City Link employees will take seven days of strike action in a dispute over pay, working conditions and a change to contracts.
The industrial action, which will take place from 24 to 30 September, is the result of a ballot with 157 drivers and 91 warehouse employees who are members of the transport union RMT.
The courier service organisation has been consulting with its employees since June 2013 over a series of measures aimed at making pay and conditions fairer and more equitable.
Scott Maynard, HR director at City Link, said: “At the moment we are in the position where employees doing the same job in the same depot are getting paid different wages.
“This is a legacy that the current management team has inherited and is one we believe is fundamentally unfair.
“The proposals we have put forward will resolve this while ensuring that the vast majority of employees see no reduction in their pay packet or actually get an increase.
“It is our considered view that the RMT ballot was fundamentally flawed and that any strike action on the back of it would be illegal.
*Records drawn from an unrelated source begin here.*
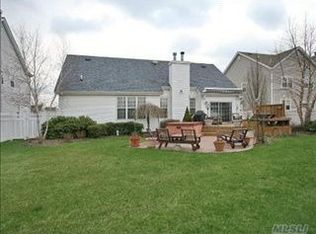 15 Auden Ave, Melville, NY 11747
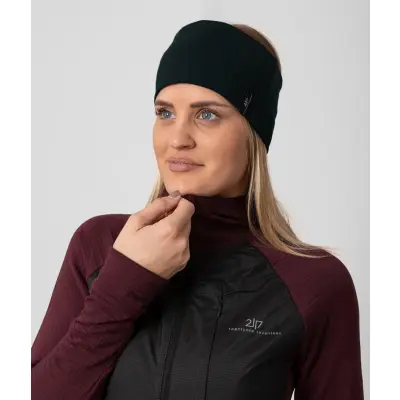 elasticka-celenka-2117-sarek-cierna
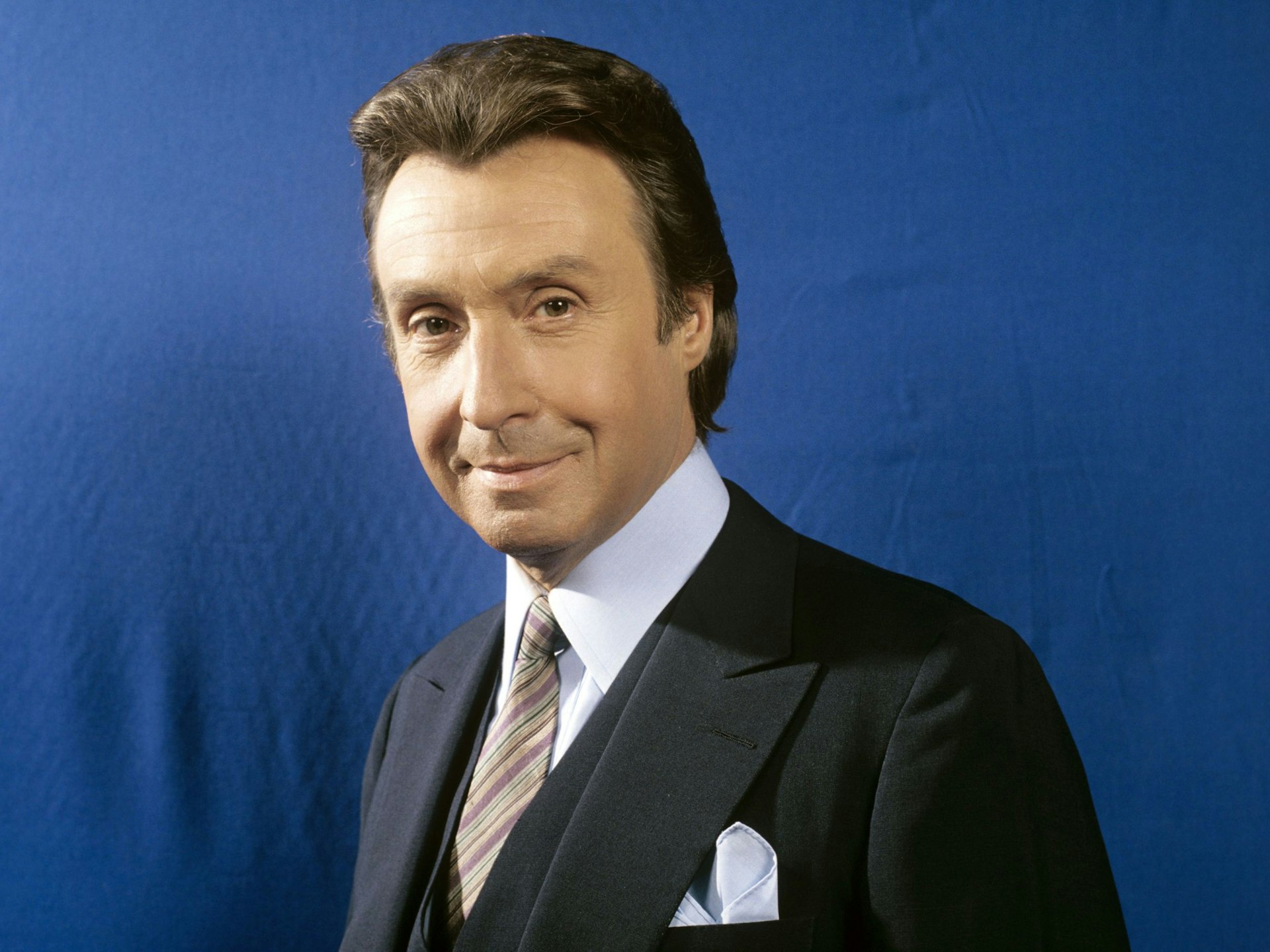 Peter Alexander posiert für ein Foto.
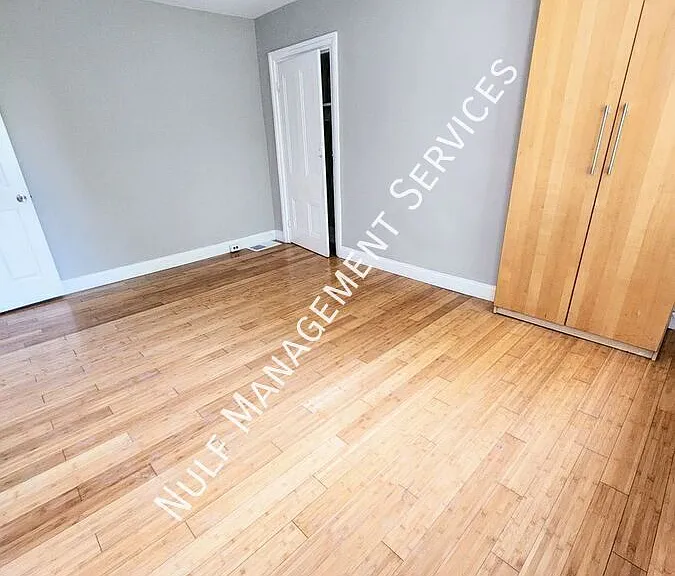 4058 Penn Ave #2 — Photo 6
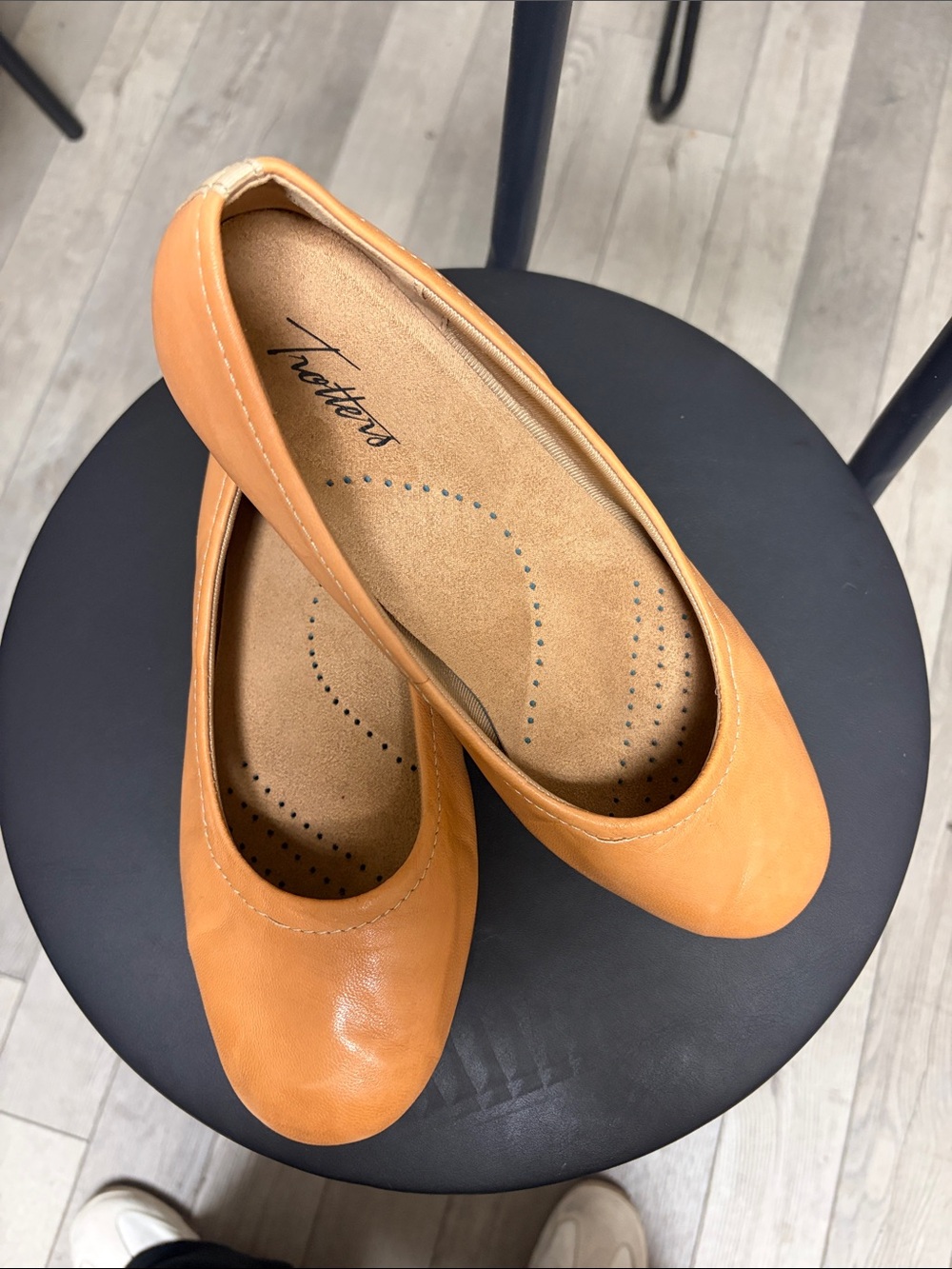 Trotters Tan Leather Darcy Ballet Flats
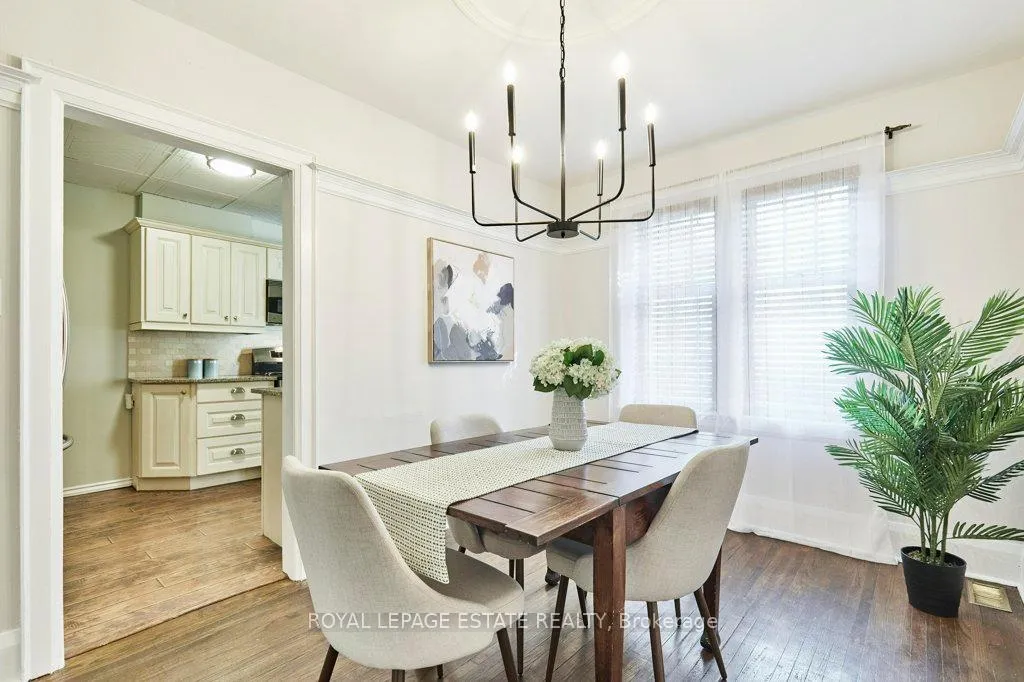 Photo 10 of 44 Birchmount Road, Scarborough, Birchcliffe-Cliffside — HOMEH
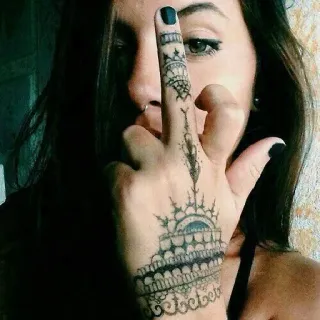 🖕 dedo do meio, gesto ofensivo, tatuagem, mão, garota telegram sticker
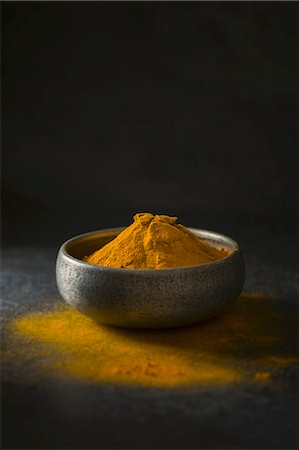 Ground turmeric in a dish Stock Photo - Premium Royalty-Free, Code: 659-08512896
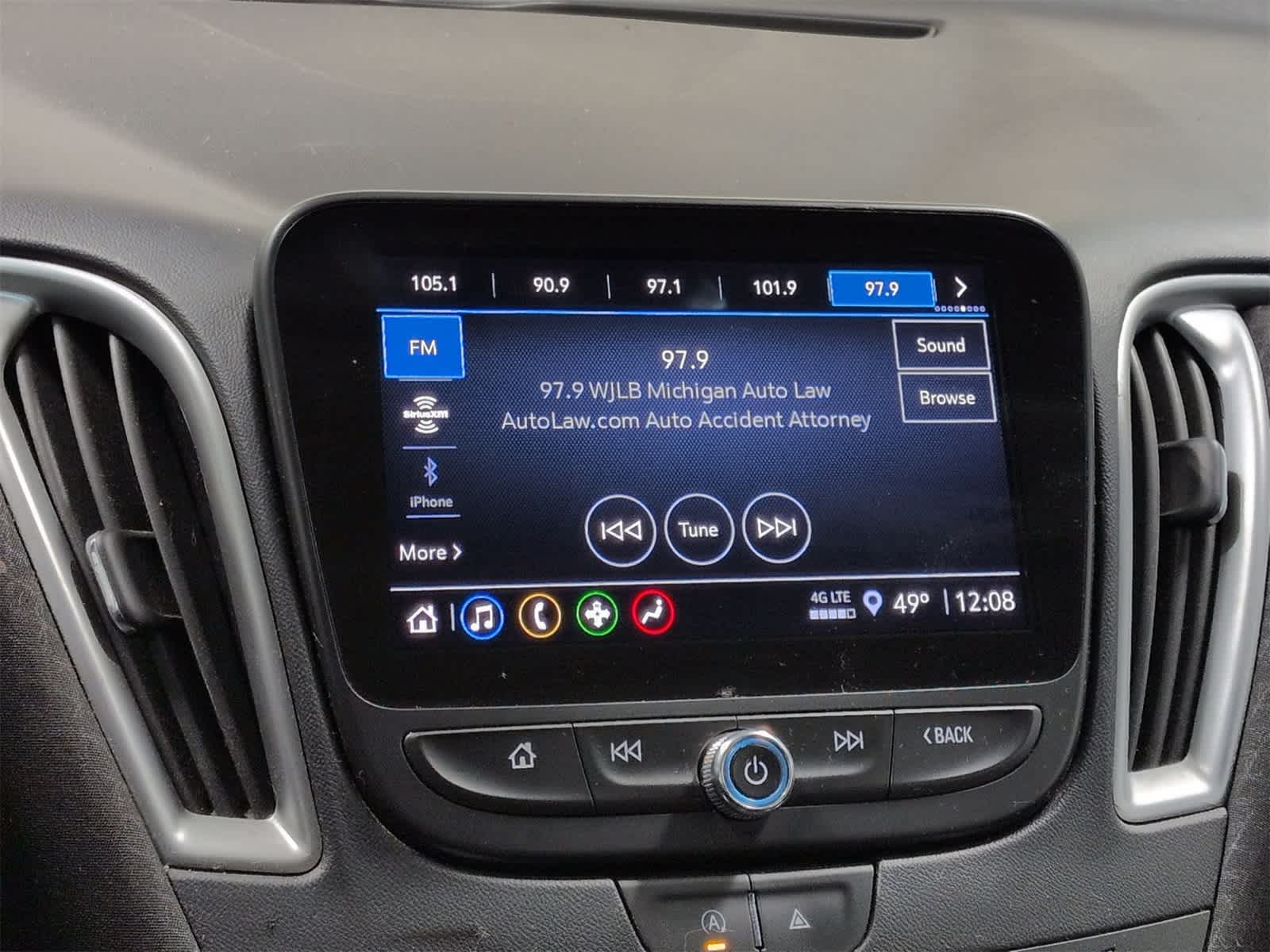 Thumbnail: 2023 Chevrolet Malibu - 28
We have made the RMT aware of our concerns on a number of occasions without any meaningful response from them; regrettably, we are now left with no other choice than to pursue this matter through the courts.”
Bob Crow, general secretary at RMT, added: “The assault on pay and conditions by the new, private equity owners of City Link has sparked a surge in recruitment and hundreds of workers are now actively engaged in the fight back at City Link depots across the country. The company should be under no illusions, their workforce are up for this fight.”